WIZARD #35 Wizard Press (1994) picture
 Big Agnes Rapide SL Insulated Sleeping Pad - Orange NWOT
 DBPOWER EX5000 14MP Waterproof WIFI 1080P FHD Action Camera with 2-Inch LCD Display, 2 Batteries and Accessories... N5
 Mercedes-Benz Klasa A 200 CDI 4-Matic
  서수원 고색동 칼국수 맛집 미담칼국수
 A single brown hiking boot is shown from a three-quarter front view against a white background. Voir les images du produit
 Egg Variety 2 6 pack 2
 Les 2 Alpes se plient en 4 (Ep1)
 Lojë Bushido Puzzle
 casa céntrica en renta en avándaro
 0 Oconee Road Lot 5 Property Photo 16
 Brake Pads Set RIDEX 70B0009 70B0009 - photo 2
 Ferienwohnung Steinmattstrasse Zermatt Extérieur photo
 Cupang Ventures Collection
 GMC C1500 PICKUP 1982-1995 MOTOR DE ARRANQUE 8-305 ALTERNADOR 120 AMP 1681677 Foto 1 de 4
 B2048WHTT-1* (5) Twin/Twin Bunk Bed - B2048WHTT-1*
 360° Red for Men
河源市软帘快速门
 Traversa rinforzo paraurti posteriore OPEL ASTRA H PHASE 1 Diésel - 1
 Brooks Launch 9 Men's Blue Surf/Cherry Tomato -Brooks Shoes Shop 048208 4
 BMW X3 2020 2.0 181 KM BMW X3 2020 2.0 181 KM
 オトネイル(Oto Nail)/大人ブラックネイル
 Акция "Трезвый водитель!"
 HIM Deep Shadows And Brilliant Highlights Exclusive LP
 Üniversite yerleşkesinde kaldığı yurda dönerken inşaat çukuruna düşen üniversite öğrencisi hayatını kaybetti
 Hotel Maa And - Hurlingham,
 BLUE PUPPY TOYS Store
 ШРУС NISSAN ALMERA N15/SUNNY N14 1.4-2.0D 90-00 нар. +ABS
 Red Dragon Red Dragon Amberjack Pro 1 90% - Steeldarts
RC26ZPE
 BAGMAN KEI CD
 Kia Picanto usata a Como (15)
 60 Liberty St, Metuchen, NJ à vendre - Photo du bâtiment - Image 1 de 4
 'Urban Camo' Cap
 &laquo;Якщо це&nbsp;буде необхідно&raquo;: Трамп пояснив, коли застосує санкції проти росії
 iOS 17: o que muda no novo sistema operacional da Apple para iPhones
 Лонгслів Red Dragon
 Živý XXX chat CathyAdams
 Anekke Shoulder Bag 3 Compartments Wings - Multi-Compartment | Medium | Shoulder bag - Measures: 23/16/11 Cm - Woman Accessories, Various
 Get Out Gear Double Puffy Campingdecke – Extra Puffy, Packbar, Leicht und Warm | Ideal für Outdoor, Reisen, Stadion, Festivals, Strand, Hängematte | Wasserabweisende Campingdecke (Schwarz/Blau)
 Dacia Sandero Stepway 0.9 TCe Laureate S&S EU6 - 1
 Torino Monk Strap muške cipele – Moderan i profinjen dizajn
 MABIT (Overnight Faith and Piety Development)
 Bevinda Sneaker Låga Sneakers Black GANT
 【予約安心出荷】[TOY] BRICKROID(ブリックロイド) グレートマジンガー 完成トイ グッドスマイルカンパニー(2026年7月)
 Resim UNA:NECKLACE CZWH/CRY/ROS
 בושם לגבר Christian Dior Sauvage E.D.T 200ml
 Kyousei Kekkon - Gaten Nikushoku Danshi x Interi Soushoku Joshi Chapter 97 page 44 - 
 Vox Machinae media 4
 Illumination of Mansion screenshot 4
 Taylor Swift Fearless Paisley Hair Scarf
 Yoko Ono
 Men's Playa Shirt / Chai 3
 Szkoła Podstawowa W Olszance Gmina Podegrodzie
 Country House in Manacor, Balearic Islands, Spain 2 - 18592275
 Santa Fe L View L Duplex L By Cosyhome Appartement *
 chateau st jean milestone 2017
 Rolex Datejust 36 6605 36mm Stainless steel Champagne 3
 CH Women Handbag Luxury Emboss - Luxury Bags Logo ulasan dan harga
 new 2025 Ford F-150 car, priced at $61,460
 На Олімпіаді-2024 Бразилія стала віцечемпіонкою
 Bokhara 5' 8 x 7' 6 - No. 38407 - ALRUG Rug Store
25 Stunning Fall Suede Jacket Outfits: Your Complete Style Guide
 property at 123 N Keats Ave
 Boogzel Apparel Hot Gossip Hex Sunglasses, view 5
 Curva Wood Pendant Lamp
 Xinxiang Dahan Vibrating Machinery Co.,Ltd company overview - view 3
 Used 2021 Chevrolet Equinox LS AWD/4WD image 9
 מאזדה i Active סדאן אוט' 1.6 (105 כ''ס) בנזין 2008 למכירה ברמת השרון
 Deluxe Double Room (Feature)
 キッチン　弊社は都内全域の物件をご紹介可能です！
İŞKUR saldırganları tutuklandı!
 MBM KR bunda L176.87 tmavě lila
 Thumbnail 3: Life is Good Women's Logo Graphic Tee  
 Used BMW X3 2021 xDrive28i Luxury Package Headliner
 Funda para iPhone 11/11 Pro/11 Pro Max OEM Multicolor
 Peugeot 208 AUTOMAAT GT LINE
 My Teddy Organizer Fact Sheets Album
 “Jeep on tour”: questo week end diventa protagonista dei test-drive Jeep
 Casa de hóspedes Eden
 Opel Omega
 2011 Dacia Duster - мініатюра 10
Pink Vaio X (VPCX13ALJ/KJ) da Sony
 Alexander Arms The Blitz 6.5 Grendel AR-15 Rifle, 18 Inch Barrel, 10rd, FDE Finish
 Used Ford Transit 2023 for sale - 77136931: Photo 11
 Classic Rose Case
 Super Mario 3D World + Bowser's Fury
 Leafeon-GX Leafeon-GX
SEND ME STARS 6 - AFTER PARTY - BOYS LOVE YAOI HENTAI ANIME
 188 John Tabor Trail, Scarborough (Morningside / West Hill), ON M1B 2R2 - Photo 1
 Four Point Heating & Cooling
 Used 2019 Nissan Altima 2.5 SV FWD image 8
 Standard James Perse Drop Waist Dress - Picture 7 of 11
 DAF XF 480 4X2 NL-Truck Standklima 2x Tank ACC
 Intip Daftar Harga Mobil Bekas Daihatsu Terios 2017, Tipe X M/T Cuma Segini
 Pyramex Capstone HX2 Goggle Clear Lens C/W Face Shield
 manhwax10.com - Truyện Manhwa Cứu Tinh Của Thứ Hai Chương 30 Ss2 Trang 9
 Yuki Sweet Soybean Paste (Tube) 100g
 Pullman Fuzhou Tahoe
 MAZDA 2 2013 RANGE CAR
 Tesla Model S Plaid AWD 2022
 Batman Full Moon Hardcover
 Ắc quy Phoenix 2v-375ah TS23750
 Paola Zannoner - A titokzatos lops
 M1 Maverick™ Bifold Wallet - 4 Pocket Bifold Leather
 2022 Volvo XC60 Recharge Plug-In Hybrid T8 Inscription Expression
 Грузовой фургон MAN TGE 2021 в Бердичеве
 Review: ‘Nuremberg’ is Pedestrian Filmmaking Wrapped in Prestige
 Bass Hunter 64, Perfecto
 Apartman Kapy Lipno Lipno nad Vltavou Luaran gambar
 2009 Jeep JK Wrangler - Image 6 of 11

● ● ●

== Required work ==
Line by line, set the records above down again exactly.

== Problem solution ==
WIZARD #35 Wizard Press (1994) picture
 Big Agnes Rapide SL Insulated Sleeping Pad - Orange NWOT
 DBPOWER EX5000 14MP Waterproof WIFI 1080P FHD Action Camera with 2-Inch LCD Display, 2 Batteries and Accessories... N5
 Mercedes-Benz Klasa A 200 CDI 4-Matic
  서수원 고색동 칼국수 맛집 미담칼국수
 A single brown hiking boot is shown from a three-quarter front view against a white background. Voir les images du produit
 Egg Variety 2 6 pack 2
 Les 2 Alpes se plient en 4 (Ep1)
 Lojë Bushido Puzzle
 casa céntrica en renta en avándaro
 0 Oconee Road Lot 5 Property Photo 16
 Brake Pads Set RIDEX 70B0009 70B0009 - photo 2
 Ferienwohnung Steinmattstrasse Zermatt Extérieur photo
 Cupang Ventures Collection
 GMC C1500 PICKUP 1982-1995 MOTOR DE ARRANQUE 8-305 ALTERNADOR 120 AMP 1681677 Foto 1 de 4
 B2048WHTT-1* (5) Twin/Twin Bunk Bed - B2048WHTT-1*
 360° Red for Men
河源市软帘快速门
 Traversa rinforzo paraurti posteriore OPEL ASTRA H PHASE 1 Diésel - 1
 Brooks Launch 9 Men's Blue Surf/Cherry Tomato -Brooks Shoes Shop 048208 4
 BMW X3 2020 2.0 181 KM BMW X3 2020 2.0 181 KM
 オトネイル(Oto Nail)/大人ブラックネイル
 Акция "Трезвый водитель!"
 HIM Deep Shadows And Brilliant Highlights Exclusive LP
 Üniversite yerleşkesinde kaldığı yurda dönerken inşaat çukuruna düşen üniversite öğrencisi hayatını kaybetti
 Hotel Maa And - Hurlingham,
 BLUE PUPPY TOYS Store
 ШРУС NISSAN ALMERA N15/SUNNY N14 1.4-2.0D 90-00 нар. +ABS
 Red Dragon Red Dragon Amberjack Pro 1 90% - Steeldarts
RC26ZPE
 BAGMAN KEI CD
 Kia Picanto usata a Como (15)
 60 Liberty St, Metuchen, NJ à vendre - Photo du bâtiment - Image 1 de 4
 'Urban Camo' Cap
 &laquo;Якщо це&nbsp;буде необхідно&raquo;: Трамп пояснив, коли застосує санкції проти росії
 iOS 17: o que muda no novo sistema operacional da Apple para iPhones
 Лонгслів Red Dragon
 Živý XXX chat CathyAdams
 Anekke Shoulder Bag 3 Compartments Wings - Multi-Compartment | Medium | Shoulder bag - Measures: 23/16/11 Cm - Woman Accessories, Various
 Get Out Gear Double Puffy Campingdecke – Extra Puffy, Packbar, Leicht und Warm | Ideal für Outdoor, Reisen, Stadion, Festivals, Strand, Hängematte | Wasserabweisende Campingdecke (Schwarz/Blau)
 Dacia Sandero Stepway 0.9 TCe Laureate S&S EU6 - 1
 Torino Monk Strap muške cipele – Moderan i profinjen dizajn
 MABIT (Overnight Faith and Piety Development)
 Bevinda Sneaker Låga Sneakers Black GANT
 【予約安心出荷】[TOY] BRICKROID(ブリックロイド) グレートマジンガー 完成トイ グッドスマイルカンパニー(2026年7月)
 Resim UNA:NECKLACE CZWH/CRY/ROS
 בושם לגבר Christian Dior Sauvage E.D.T 200ml
 Kyousei Kekkon - Gaten Nikushoku Danshi x Interi Soushoku Joshi Chapter 97 page 44 - 
 Vox Machinae media 4
 Illumination of Mansion screenshot 4
 Taylor Swift Fearless Paisley Hair Scarf
 Yoko Ono
 Men's Playa Shirt / Chai 3
 Szkoła Podstawowa W Olszance Gmina Podegrodzie
 Country House in Manacor, Balearic Islands, Spain 2 - 18592275
 Santa Fe L View L Duplex L By Cosyhome Appartement *
 chateau st jean milestone 2017
 Rolex Datejust 36 6605 36mm Stainless steel Champagne 3
 CH Women Handbag Luxury Emboss - Luxury Bags Logo ulasan dan harga
 new 2025 Ford F-150 car, priced at $61,460
 На Олімпіаді-2024 Бразилія стала віцечемпіонкою
 Bokhara 5' 8 x 7' 6 - No. 38407 - ALRUG Rug Store
25 Stunning Fall Suede Jacket Outfits: Your Complete Style Guide
 property at 123 N Keats Ave
 Boogzel Apparel Hot Gossip Hex Sunglasses, view 5
 Curva Wood Pendant Lamp
 Xinxiang Dahan Vibrating Machinery Co.,Ltd company overview - view 3
 Used 2021 Chevrolet Equinox LS AWD/4WD image 9
 מאזדה i Active סדאן אוט' 1.6 (105 כ''ס) בנזין 2008 למכירה ברמת השרון
 Deluxe Double Room (Feature)
 キッチン　弊社は都内全域の物件をご紹介可能です！
İŞKUR saldırganları tutuklandı!
 MBM KR bunda L176.87 tmavě lila
 Thumbnail 3: Life is Good Women's Logo Graphic Tee  
 Used BMW X3 2021 xDrive28i Luxury Package Headliner
 Funda para iPhone 11/11 Pro/11 Pro Max OEM Multicolor
 Peugeot 208 AUTOMAAT GT LINE
 My Teddy Organizer Fact Sheets Album
 “Jeep on tour”: questo week end diventa protagonista dei test-drive Jeep
 Casa de hóspedes Eden
 Opel Omega
 2011 Dacia Duster - мініатюра 10
Pink Vaio X (VPCX13ALJ/KJ) da Sony
 Alexander Arms The Blitz 6.5 Grendel AR-15 Rifle, 18 Inch Barrel, 10rd, FDE Finish
 Used Ford Transit 2023 for sale - 77136931: Photo 11
 Classic Rose Case
 Super Mario 3D World + Bowser's Fury
 Leafeon-GX Leafeon-GX
SEND ME STARS 6 - AFTER PARTY - BOYS LOVE YAOI HENTAI ANIME
 188 John Tabor Trail, Scarborough (Morningside / West Hill), ON M1B 2R2 - Photo 1
 Four Point Heating & Cooling
 Used 2019 Nissan Altima 2.5 SV FWD image 8
 Standard James Perse Drop Waist Dress - Picture 7 of 11
 DAF XF 480 4X2 NL-Truck Standklima 2x Tank ACC
 Intip Daftar Harga Mobil Bekas Daihatsu Terios 2017, Tipe X M/T Cuma Segini
 Pyramex Capstone HX2 Goggle Clear Lens C/W Face Shield
 manhwax10.com - Truyện Manhwa Cứu Tinh Của Thứ Hai Chương 30 Ss2 Trang 9
 Yuki Sweet Soybean Paste (Tube) 100g
 Pullman Fuzhou Tahoe
 MAZDA 2 2013 RANGE CAR
 Tesla Model S Plaid AWD 2022
 Batman Full Moon Hardcover
 Ắc quy Phoenix 2v-375ah TS23750
 Paola Zannoner - A titokzatos lops
 M1 Maverick™ Bifold Wallet - 4 Pocket Bifold Leather
 2022 Volvo XC60 Recharge Plug-In Hybrid T8 Inscription Expression
 Грузовой фургон MAN TGE 2021 в Бердичеве
 Review: ‘Nuremberg’ is Pedestrian Filmmaking Wrapped in Prestige
 Bass Hunter 64, Perfecto
 Apartman Kapy Lipno Lipno nad Vltavou Luaran gambar
 2009 Jeep JK Wrangler - Image 6 of 11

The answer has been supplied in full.